Hallado un nuevo tesoro de Némirovsky
Cada país explica su pasado en función de lo que hoy pretende ser. Hay países que se manejan bien con su pasado, otros que lo dan por cerrado e inmodificable. El peso del pasado no es el mismo para todos ni en todas las épocas. La Francia actual arrastra su pasado como un grillete. O mejor, es un minúsculo atlante a punto de sucumbir bajo el peso glorioso de su historia.
El maravilloso, dramático y azaroso rescate de obras de Irène Némirovsky o el Goncourt 2006 para Jonathan Littell tienen que ver con ese país que no logra proyectarse en el futuro. El éxito de Les bienveillantes, la novela de Littell, un autor debutante, es significativo. Los franceses se interesaron primero por su actuación durante la II Guerra Mundial viéndose como resistentes: es el período De Gaulle; luego se aceptaron como meros espectadores de un combate en el que les representaban unos escasos héroes o unos también escasos traidores colaboracionistas: son los años que van de Pompidou a Mitterrand. Por fin leen la catástrofe bélica desde la fascinación por el mal: el héroe de Littell es un SS franco-alemán, un asesino que, en cada página, interroga al lector sobre cómo es posible tanta crueldad, estupidez y horror entre gente inteligente y culta.
Con Némirovsky, los franceses quedan invitados a seguir intentando reconocerse en los añicos del espejo
Pero una lectura del pasado puede coexistir con otra. Irène Némirovsky, con su estupenda Suite française, escribió un mosaico completo de los primeros momentos de la ocupación alemana. Asesinada la autora en Auschwitz en 1942, la novela de Némirovsky permaneció olvidada en una maleta hasta el año 2004, cuando se convirtió en un gran éxito de ventas y fue premiada. En su texto están todas las facetas del país. Ahora parece que los biógrafos de la escritora, Patrick Lienhardt y Olivier Philipponat, han encontrado otra novela perdida, Chaleur du sang (Calor de sangre), de la que Dénise Némirovsky, la hija, sólo conservaba los primeros capítulos. El resto ha sido localizado en casa de un particular. El libro narra la historia de un secreto, de un hombre que oculta precisamente parte de su pasado y la acción transcurre en el pueblo real en el que se refugió la narradora antes de ser capturada por los nazis. Los franceses quedan invitados a seguir intentando reconocerse en los añicos del espejo.

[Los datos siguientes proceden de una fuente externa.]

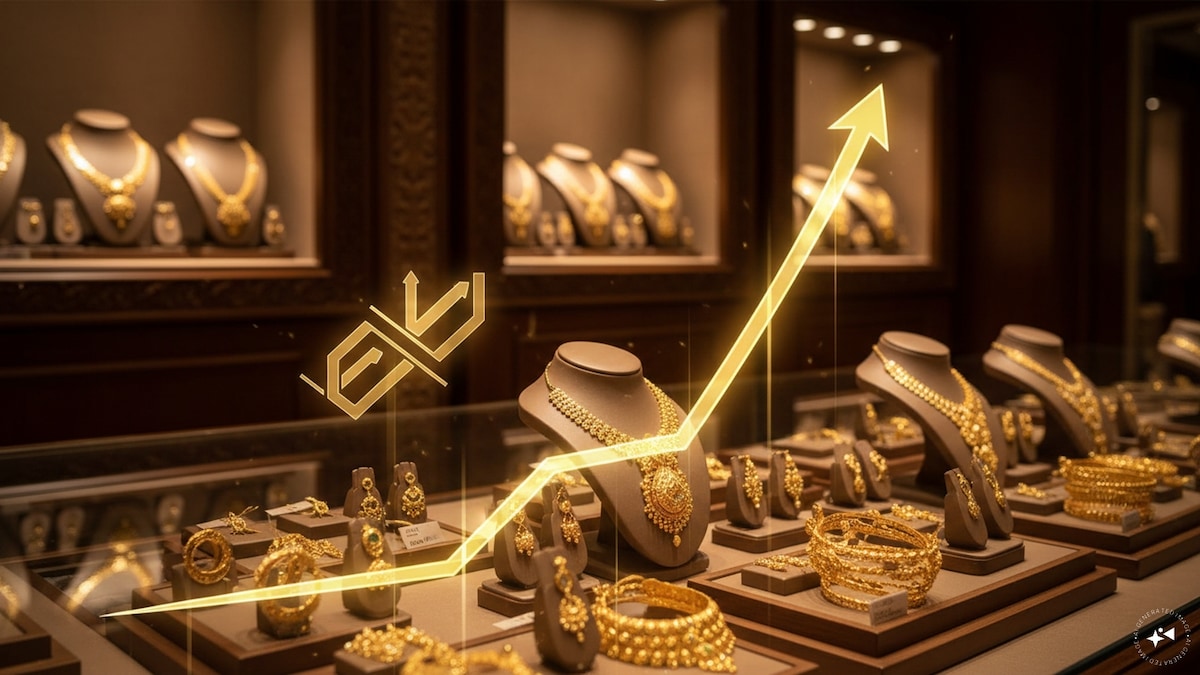 TBZ shares hit record high, log best week in six years on GRT Jewellers stake acquisition deal TV18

Pascal Bruckner lleva tiempo interrogándose sobre la peculiar relación francesa -y occidental- respecto al pasado. Si en La tentation de l'innocence hablaba del infantilismo y el victimismo como enfermedades del hombre moderno, en su texto más reciente -La tyrannie de la pénitence: essai sur le masochisme en Occident- se extiende sobre esa oleada de culpabilización que recorre nuestro mundo y que nos hace responsables, décadas después, de desastres en los que no hemos intervenido, ya sea el pillaje esclavista de África, el genocidio judío o la tortura en Argelia. Como sucede a menudo, se pide perdón y se llora por crímenes de los que somos inocentes pero se cierran los ojos ante lo que sí reclamaría nuestra atención. El Parlamento francés, que ha convertido en delito negar la existencia de la shoah o defender el racismo, legisla sobre opiniones porque no logra cambiar la realidad de los hechos. La República francesa defiende valores universales pero, en la práctica, no ha logrado exportarlos, como no sea en forma de guillotina en la proa de un barco, como en El siglo de las luces, la novela de Carpentier.

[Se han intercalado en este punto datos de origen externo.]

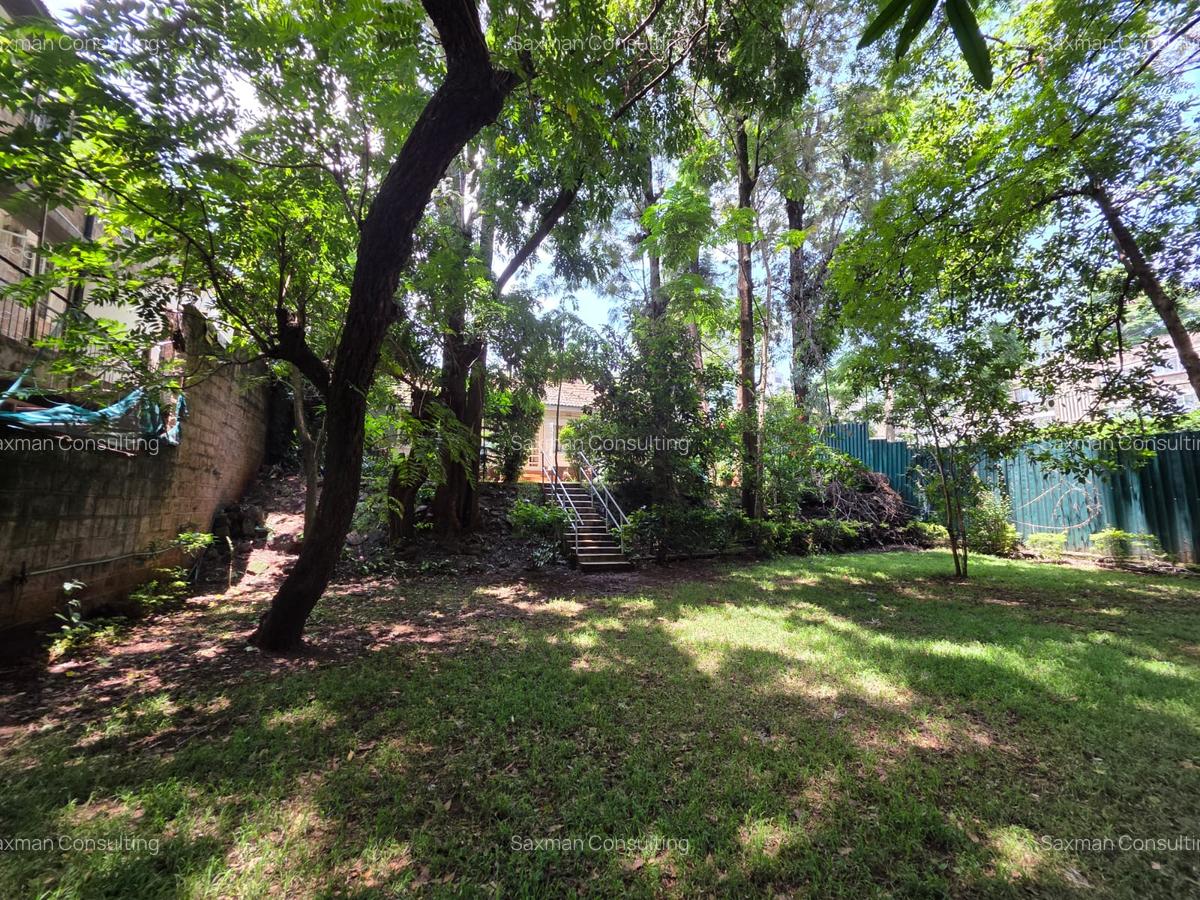 3 Bed House with Staff Quarters in Upper Hill - 5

El modelo francés de sociedad, de ciudadanos iguales sin tomar en consideración religión, color de piel u origen geográfico y social, quizás ha retrasado la creación de guetos o de tensiones comunitarias pero no ha logrado evitarlas. Sarkozy se dispone a institucionalizar el fracaso que Chirac niega y Ségolène Royal aún cree poder remediar. Y por eso todos los franceses añoran los buenos viejos tiempos, cuando entre la escuela, el ejército y los sindicatos el país integraba a todos y fabricaba franceses sin demasiados chirridos. Es la época de Proust, Gide, Valèry, los Curie, Camus, Monod, Claude Bernard, Ravel o Poincaré, la de un país que miraba hacia delante y cuyos mejores autores no tenían, como Littell y Némirovsky y por razones totalmente distintas, la obsesión por un pasado que no acaba de pasar.